賃貸不動産経営管理士は宅地建物取引士と違い独占業務がないため、意味ない資格と言われることもありますが管理戸数が200戸以上の不動産会社は営業所または事務所ごとに1名以上の業務管理者を設置することが義務付けられており、賃貸不動産管理を専門とする唯一の国家資格でもあります。

1:賃貸不動産経営管理士の受験者数

令和6年の受験者申込者数は3万194人となり、合格点は35点、合格率は24.1%となっております。

令和3年度から国家資格となりましたが、宅地建物取引士の様に受験者数は増えてはないものの、令和3年度以降は毎年3万人前後が受験し前年の合格率は28.2%から大きく下がっています。

このことから難易度が上がっていることが窺えます。


注)令和元年までは40問の出題。令和2年以降は50問の出題

2:実際の試験内容

賃貸不動産経営管理士は賃貸物件の運営や管理に関する専門的な知識とスキルを持つ資格を有する人を指すため、試験内容は、不動産に関する法律、賃貸物件の管理技術、経営戦略など、幅広い分野にわたります。

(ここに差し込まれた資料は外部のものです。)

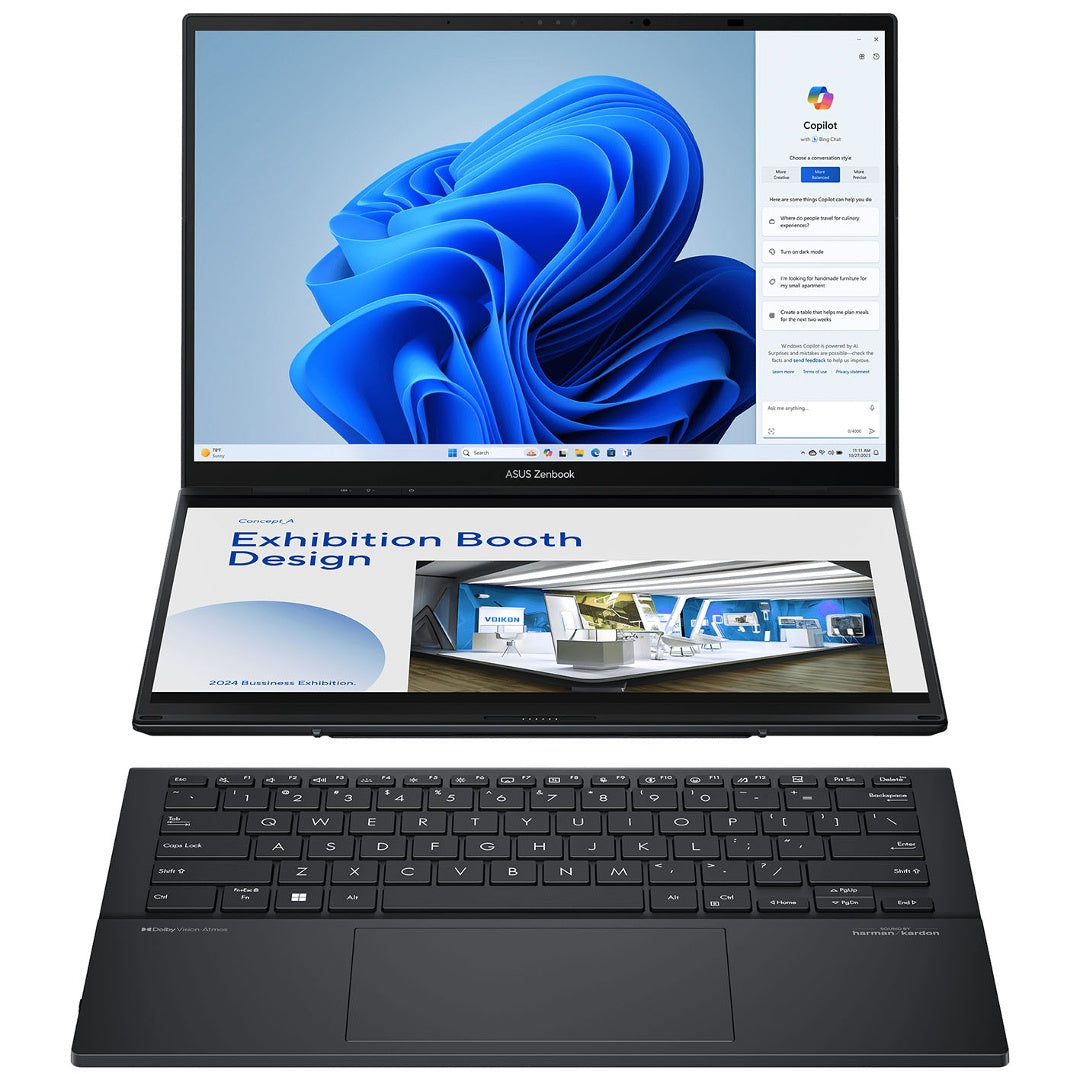 Notebook Asus Zenbook Duo Core Ultra 9 5.4Ghz, 32GB, 2TB SSD, DUAL 14'' WUXGA Oled Touch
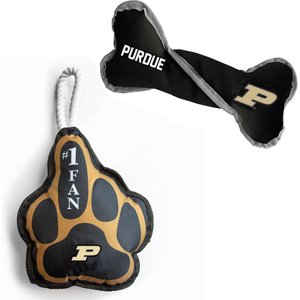 Littlearth NCAA Licensed Super Fan Plush & Squeaky Tug Bone Dog Toys, Purdue Boilermakers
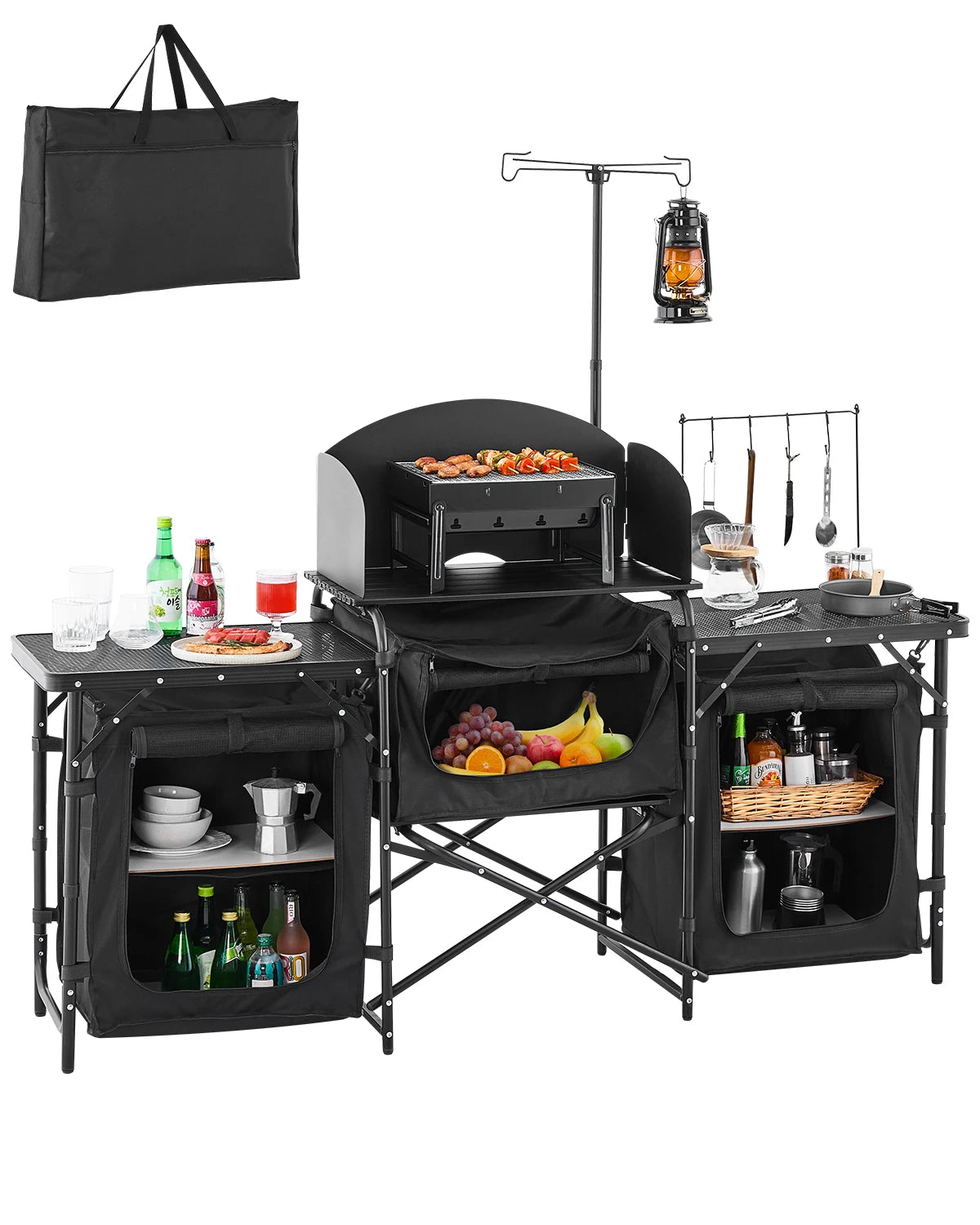 SucceBuy Camping Kitchen Table Aluminum Portable Cook Station With Storage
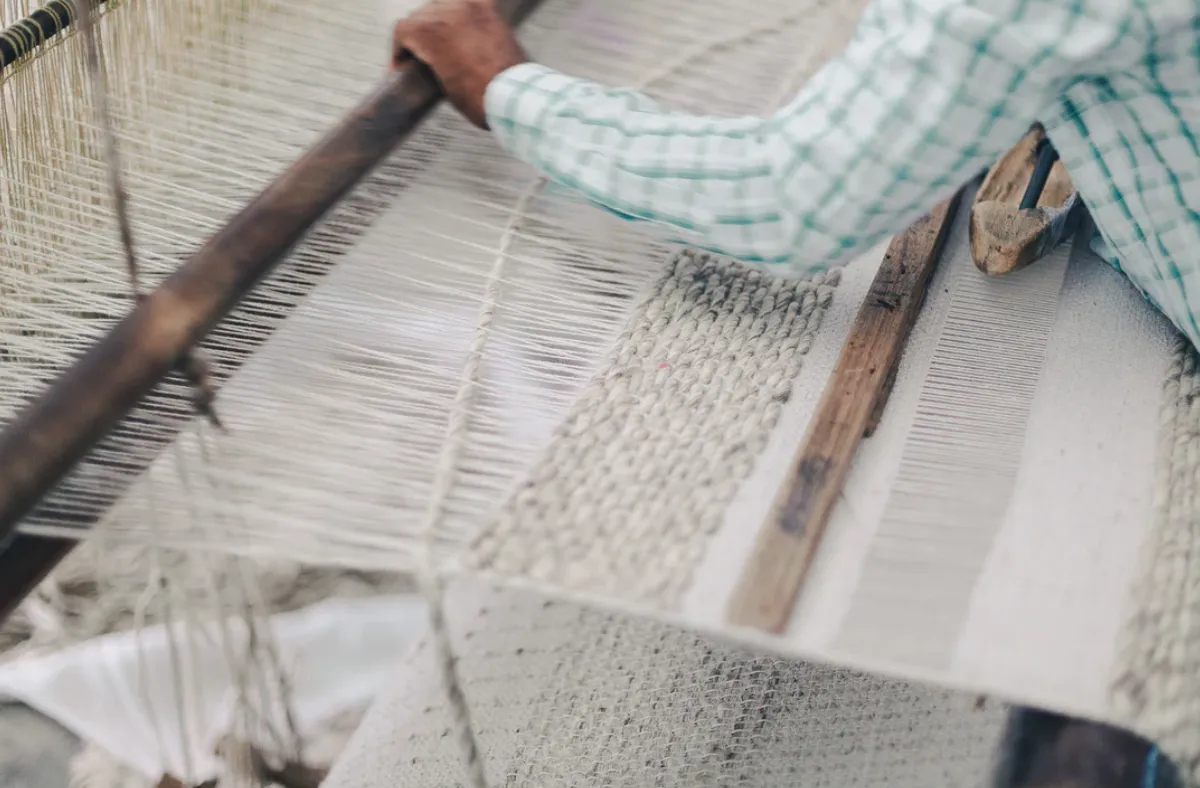 Handwoven Textured Taupe Bench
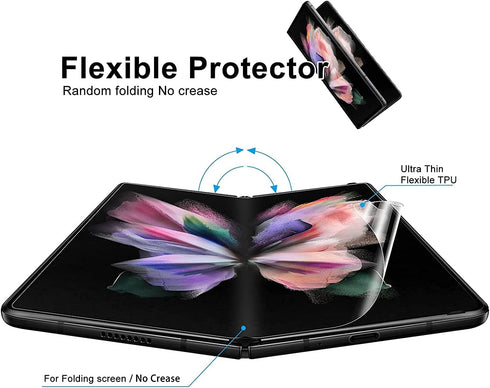 Samsung Galaxy Z Fold 3 5G Screen Protector - Flexible TPU, 2 Pack Front & 2 Pack Inside, No Bubbles, Fingerprint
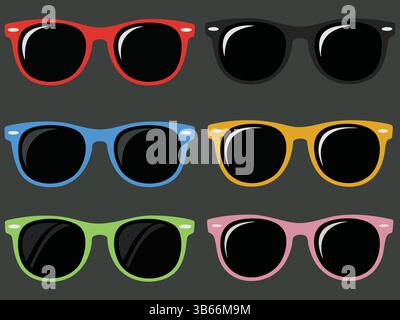 Colorful Sunglasses Collection Against a Dark Background Stock Vector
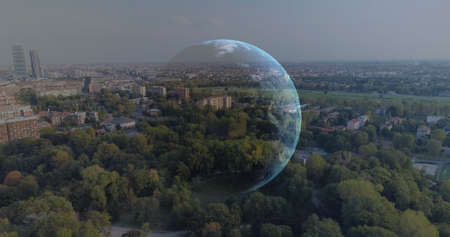 Image of social media icons and financial data processing over globe and cityscape. global social...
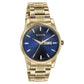 Sonata Quartz Analog with Day and Date Blue Dial Golden Stainless Steel Strap Watch For Men 77147ym01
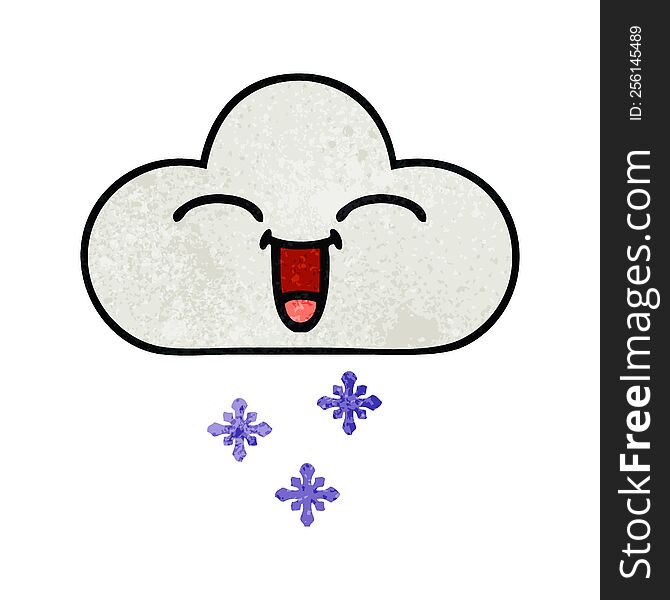 retro grunge texture cartoon of a snow cloud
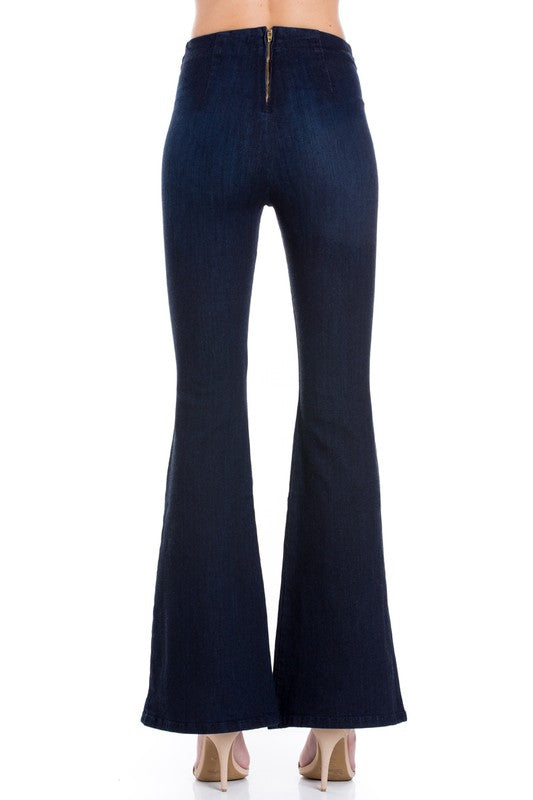 Zipper back high waist denim flare jean pants - Tigbul's Variety Fashion Shop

今回は令和6年度の問題の中から実務上、トラブルになりやすい「現状回復をめぐるガイドライン」の問題を1問ご紹介します。
令和6年試験問10の問題です。

(問題)
原状回復ガイドラインに関する次の記述のうち、最も適切なものはどれか。
① 原状回復ガイドラインによれば、原状回復とは「賃借人の居住、使用により発生した建物の損耗・毀損を復旧すること」と定義されている
② 原状回復ガイドラインによれば、賃借人が通常の清掃を実施していない場合、住戸全体の清掃費用相当分の全額が賃借人の負担となることがある。
③ 原状回復ガイドラインによれば、賃借人の過失により畳表の張替えが必要となった場合、6年で残存価値1円になるような直線を想定し、負担割合を算定する。
④ 原状回復ガイドラインによれば、戸建賃貸住宅の庭に生い茂った雑草の原状回復費用は賃借人の負担にはならない。

(解説)
こちらの設問は②の問題が適切となります。

通常の清掃(ゴミの撤去、掃き掃除、拭き掃除、水廻、換気扇、レンジ周りの油汚れの除去等)を賃借人が実施していない場合は、部位もしくは住戸全体のハウスクリーニング費用を全額賃借人負担とすることができます。

(補足)
実際の退去時の原状回復費用の請求で上記の水廻りの実費請求は多くみられます。特に浴室の鏡に付着した水垢除去の費用は賃借人に請求をしているケースが多くみられます。

こちらの設問で注目して欲しいものとして④が上げられます。
戸建て賃貸住宅の庭に生い茂った雑草の原状回復費用の問題ですが、草取りが適切に行われていない場合は賃借人の善管注意義務違反に該当すると判事されているため、賃借人へ請求することができます。

戸建ての賃貸の取り扱いは不動産会社によっては少ないこともあり情報が少なく、こういった内容を把握していないと不利益を生じる可能性もあります。

3:まとめ

賃貸不動産経営管理士試験は宅地建物取引士と勉強の範囲がすこしかぶる部分があり、宅建試験から1ヶ月後に実施されるため、賃貸不動産会社勤務の社員は同時に受ける人も多い資格です。

現状は宅建試験のついででも受かる可能性はある試験ですが、近年は難易度も上がっており賃貸経営管理士試験だけの受験でも合格が難しくなってくることでしょう。
宅地建物取引士に比べるとまだまだ認知度が低い試験ですが、賃貸経営管理の国家資格を持っているということは、オーナー様の大切な資産を預かる管理会社には必要な資格になっていくことが予想されます。